In the previous two labs in this series, we've discovered that human behavior takes time, in part because it involves things happening successively in several different parts of an individual, that these happenings can be influenced by a variety of external variables but also to varying degrees by internal ones, and that "thinking" may be a relevant internal variable. We have also, hopefully, become more sophisticated at posing questions, collecting observations relevant to them, and interpreting such observations in relation to questions.
In this lab we want to further build on our experiences by investigating "thinking" itself. Is "thinking" also something that takes time? that can be altered by both external and internal variables? Its an interesting question, first asked explicitly in the late 1800's with a very clever set of observations then requiring elaborate equipment. Today we can make the same observations more easily using computers, as in Serendip's Time to Think  exhibit.
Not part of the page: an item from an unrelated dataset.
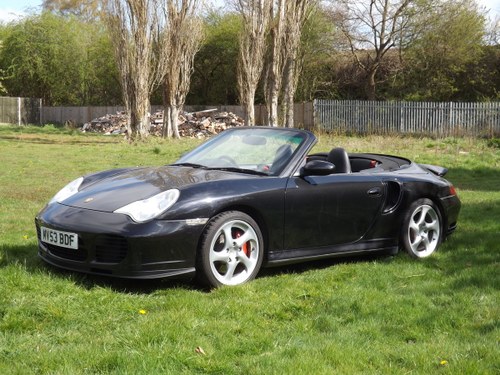 2003 Porsche 996 Turbo Tip S - Just 41000 miles only For Sale by Auction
The observational set up allows one to measure various kinds of thinking, as well as to test hypotheses about how they are related to one another. Once you get the hang of it, you can/should develop your own hypotheses about what might or might not influence the various kinds of thinking time. And develop your own experiments. Do one as a group in class. And you're free to do additional ones any place you can find a computer. Some further work might make this a good final lab paper.
Remember that we've reached a phase where we'd like to have our hypotheses and observations sufficiently in hand so that we can generate interesting and well-supported interpretations that in turn lead on to further questions and observations.